Record excerpts: Begin
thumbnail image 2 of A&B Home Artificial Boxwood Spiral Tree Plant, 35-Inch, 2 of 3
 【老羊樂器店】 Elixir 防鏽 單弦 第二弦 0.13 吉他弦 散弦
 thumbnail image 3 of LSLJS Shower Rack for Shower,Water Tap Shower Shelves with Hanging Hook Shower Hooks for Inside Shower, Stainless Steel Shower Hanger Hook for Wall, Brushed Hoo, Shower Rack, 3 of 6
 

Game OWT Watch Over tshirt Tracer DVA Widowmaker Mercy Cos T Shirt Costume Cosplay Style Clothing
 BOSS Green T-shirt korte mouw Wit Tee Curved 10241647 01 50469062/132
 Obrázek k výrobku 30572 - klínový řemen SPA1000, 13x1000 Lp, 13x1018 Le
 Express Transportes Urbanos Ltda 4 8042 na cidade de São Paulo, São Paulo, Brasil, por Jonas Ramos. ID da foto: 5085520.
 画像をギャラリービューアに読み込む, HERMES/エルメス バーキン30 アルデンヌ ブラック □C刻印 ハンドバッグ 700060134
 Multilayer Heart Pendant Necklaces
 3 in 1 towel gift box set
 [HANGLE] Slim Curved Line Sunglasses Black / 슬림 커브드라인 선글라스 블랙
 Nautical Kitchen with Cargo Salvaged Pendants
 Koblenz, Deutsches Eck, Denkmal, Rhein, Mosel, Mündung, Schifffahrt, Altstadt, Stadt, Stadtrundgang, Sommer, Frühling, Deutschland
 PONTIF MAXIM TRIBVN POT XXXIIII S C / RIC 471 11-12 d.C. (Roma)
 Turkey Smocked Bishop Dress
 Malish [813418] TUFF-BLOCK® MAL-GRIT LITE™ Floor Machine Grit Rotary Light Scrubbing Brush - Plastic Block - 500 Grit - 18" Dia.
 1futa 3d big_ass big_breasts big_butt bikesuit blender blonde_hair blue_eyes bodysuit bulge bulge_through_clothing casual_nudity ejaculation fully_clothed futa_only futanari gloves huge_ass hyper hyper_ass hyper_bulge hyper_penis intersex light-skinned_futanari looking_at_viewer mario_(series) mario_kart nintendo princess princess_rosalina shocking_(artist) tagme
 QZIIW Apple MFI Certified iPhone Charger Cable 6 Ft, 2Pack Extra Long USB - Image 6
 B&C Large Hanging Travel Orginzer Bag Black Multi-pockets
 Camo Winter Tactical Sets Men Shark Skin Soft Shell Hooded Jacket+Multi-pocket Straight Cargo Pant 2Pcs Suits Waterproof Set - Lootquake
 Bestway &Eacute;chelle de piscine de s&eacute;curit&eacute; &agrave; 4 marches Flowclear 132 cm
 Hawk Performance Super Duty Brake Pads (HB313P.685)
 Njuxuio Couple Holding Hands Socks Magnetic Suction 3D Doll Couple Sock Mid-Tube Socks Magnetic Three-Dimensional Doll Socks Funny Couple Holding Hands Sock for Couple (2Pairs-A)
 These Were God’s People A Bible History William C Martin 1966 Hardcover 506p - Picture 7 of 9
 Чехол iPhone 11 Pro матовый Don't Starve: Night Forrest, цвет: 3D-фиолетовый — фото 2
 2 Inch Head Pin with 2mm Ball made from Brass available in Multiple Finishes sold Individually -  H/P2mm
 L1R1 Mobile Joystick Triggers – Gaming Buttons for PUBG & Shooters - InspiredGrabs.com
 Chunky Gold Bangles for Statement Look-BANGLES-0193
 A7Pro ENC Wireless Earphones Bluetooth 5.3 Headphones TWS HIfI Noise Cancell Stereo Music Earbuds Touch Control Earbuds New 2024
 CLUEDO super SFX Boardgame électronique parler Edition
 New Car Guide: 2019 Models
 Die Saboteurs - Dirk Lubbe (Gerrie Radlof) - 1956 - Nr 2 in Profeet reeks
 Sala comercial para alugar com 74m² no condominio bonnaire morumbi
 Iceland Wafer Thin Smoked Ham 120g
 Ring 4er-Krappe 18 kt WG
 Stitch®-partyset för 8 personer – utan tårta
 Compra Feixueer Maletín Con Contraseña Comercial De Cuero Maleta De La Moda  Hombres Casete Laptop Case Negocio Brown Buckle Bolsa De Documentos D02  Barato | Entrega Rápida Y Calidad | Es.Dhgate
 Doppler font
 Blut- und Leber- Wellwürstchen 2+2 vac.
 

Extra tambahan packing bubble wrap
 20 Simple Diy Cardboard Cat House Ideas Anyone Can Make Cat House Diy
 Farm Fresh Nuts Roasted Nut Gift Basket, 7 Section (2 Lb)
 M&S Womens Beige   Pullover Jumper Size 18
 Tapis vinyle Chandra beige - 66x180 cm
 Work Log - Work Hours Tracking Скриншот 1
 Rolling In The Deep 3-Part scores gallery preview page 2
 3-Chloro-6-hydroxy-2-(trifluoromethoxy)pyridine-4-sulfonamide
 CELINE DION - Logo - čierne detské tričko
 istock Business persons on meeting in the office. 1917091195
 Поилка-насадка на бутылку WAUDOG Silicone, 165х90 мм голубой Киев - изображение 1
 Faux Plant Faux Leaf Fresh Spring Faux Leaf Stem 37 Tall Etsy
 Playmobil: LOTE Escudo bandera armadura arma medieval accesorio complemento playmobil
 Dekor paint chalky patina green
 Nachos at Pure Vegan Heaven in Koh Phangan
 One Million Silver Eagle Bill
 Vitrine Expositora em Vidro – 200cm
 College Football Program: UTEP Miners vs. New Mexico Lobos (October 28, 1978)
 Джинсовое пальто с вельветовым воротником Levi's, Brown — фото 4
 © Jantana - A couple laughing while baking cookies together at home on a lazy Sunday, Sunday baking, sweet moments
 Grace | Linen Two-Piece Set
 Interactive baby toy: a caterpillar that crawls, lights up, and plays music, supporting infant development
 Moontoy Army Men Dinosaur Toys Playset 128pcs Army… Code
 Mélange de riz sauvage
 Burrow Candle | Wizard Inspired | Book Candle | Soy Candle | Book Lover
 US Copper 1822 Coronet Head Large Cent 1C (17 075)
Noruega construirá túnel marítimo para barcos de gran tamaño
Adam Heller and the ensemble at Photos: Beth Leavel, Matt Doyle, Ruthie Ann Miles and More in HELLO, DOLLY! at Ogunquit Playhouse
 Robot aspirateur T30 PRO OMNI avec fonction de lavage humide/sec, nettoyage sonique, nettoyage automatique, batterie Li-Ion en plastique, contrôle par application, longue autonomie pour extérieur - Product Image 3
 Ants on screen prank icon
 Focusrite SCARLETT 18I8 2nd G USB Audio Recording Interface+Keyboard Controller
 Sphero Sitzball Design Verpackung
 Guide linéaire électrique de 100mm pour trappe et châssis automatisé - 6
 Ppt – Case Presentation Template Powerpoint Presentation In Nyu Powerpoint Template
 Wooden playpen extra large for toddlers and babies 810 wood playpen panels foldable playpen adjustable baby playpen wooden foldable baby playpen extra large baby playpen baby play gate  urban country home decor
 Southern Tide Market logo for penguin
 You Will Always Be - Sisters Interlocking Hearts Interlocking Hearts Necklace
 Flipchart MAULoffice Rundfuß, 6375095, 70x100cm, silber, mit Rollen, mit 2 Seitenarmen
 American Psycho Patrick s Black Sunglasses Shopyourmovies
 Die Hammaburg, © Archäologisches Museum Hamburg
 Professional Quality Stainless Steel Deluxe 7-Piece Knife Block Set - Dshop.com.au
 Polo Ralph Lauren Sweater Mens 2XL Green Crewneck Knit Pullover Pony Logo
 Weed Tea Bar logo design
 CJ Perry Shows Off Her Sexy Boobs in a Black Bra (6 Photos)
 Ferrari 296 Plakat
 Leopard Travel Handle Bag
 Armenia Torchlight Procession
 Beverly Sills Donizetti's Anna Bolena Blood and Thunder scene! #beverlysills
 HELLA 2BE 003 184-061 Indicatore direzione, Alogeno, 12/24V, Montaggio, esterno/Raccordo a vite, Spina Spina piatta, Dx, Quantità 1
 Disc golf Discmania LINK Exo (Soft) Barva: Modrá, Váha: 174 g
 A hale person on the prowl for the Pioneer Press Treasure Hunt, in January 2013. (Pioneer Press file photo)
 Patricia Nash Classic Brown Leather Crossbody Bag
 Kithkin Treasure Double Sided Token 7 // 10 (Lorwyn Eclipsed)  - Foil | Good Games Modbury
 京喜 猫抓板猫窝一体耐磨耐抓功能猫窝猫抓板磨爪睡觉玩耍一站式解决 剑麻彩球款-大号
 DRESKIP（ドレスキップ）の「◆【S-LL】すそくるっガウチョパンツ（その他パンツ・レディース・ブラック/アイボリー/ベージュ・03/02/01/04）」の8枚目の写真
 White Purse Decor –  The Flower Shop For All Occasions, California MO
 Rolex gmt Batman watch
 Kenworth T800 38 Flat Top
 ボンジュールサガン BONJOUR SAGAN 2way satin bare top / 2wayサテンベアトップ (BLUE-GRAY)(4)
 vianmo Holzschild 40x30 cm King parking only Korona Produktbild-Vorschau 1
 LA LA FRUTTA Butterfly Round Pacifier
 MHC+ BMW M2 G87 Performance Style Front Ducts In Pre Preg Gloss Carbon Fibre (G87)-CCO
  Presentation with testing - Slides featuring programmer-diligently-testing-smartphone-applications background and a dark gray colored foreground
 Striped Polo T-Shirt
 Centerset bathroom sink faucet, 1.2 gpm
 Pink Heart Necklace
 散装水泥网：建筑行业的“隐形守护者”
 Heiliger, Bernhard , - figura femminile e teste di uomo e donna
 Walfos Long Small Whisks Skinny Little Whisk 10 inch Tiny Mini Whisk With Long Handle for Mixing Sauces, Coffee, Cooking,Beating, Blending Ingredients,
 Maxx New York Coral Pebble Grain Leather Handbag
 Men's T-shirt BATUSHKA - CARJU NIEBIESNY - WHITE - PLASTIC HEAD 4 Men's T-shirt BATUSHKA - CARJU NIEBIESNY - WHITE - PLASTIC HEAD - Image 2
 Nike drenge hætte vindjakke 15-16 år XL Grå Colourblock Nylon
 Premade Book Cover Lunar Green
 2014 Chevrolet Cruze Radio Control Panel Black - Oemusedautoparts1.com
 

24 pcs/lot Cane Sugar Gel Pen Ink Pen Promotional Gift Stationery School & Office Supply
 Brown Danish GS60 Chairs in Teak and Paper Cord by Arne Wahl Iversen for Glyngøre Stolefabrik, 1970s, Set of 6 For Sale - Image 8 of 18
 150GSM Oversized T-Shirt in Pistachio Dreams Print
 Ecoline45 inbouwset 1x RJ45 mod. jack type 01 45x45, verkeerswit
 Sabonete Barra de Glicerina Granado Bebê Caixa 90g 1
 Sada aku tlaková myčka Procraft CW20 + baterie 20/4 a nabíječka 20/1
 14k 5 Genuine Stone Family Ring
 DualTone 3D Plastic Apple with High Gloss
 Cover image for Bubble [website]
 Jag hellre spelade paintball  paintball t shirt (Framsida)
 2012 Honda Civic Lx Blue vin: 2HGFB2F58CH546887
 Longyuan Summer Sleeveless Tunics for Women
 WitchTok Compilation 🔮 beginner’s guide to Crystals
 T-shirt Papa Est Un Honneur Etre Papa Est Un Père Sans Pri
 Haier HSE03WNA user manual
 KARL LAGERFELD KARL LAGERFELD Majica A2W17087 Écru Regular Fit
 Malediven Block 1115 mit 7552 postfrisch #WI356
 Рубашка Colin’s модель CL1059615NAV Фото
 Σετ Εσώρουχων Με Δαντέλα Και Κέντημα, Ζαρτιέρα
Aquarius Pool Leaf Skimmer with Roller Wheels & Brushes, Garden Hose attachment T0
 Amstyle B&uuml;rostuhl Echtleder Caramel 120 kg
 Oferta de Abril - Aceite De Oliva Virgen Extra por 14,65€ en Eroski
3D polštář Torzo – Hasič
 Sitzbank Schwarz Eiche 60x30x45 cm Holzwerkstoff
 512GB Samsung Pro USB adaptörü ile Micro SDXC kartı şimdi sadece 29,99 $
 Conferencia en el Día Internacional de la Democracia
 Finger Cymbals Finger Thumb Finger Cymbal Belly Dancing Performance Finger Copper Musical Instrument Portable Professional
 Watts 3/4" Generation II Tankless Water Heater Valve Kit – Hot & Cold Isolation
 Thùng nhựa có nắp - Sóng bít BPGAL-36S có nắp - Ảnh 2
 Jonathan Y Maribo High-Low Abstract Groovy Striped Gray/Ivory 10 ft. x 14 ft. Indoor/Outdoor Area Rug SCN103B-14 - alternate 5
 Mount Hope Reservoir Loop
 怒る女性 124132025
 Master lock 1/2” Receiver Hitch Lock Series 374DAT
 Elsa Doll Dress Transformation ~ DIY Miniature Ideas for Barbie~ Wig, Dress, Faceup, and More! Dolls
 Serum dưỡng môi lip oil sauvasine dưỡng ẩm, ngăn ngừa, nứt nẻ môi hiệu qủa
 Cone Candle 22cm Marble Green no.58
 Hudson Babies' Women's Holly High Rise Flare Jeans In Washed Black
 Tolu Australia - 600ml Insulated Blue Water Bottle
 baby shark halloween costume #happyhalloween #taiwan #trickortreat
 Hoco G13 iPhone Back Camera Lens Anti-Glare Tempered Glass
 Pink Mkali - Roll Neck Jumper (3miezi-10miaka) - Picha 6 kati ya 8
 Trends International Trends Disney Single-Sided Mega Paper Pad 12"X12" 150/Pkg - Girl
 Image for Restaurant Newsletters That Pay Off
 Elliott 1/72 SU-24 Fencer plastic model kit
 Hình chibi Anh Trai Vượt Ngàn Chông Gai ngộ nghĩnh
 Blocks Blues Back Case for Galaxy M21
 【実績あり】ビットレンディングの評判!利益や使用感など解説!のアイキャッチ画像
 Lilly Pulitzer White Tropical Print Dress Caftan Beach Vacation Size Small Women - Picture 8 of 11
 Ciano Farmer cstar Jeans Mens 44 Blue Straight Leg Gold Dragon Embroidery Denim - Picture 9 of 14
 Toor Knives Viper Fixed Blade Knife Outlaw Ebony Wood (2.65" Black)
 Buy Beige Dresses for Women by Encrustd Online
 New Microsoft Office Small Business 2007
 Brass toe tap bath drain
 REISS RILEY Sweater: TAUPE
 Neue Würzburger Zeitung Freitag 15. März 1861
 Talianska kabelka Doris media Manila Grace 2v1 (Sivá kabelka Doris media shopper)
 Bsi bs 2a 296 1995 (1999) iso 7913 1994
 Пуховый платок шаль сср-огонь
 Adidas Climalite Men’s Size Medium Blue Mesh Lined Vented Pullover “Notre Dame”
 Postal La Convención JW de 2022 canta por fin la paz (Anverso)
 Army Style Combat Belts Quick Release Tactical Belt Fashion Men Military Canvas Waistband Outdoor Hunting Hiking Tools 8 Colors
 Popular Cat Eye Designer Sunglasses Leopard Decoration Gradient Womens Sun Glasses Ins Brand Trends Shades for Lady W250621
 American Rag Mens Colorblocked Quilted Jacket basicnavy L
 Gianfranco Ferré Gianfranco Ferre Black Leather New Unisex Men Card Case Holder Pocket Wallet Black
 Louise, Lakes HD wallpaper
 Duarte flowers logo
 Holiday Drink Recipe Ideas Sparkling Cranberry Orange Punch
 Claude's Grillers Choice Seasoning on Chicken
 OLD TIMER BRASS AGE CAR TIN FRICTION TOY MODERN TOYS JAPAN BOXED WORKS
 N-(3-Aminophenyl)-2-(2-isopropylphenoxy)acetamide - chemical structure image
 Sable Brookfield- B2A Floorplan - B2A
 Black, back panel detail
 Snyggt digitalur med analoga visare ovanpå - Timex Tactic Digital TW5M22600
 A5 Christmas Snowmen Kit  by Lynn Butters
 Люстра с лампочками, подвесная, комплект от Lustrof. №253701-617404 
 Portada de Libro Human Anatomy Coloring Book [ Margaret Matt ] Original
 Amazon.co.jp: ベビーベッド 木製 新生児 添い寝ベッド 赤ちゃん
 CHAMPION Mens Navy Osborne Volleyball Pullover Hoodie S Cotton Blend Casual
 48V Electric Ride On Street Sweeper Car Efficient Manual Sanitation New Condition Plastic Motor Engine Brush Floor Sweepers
Record excerpts: End
**What the task asks:**
The required answer is the exact run of lines above starting at the line with "M&S Womens Beige" and ending at the line with "Playmobil: LOTE Escudo", with both ends present.

**Response:**
 M&S Womens Beige   Pullover Jumper Size 18
 Tapis vinyle Chandra beige - 66x180 cm
 Work Log - Work Hours Tracking Скриншот 1
 Rolling In The Deep 3-Part scores gallery preview page 2
 3-Chloro-6-hydroxy-2-(trifluoromethoxy)pyridine-4-sulfonamide
 CELINE DION - Logo - čierne detské tričko
 istock Business persons on meeting in the office. 1917091195
 Поилка-насадка на бутылку WAUDOG Silicone, 165х90 мм голубой Киев - изображение 1
 Faux Plant Faux Leaf Fresh Spring Faux Leaf Stem 37 Tall Etsy
 Playmobil: LOTE Escudo bandera armadura arma medieval accesorio complemento playmobil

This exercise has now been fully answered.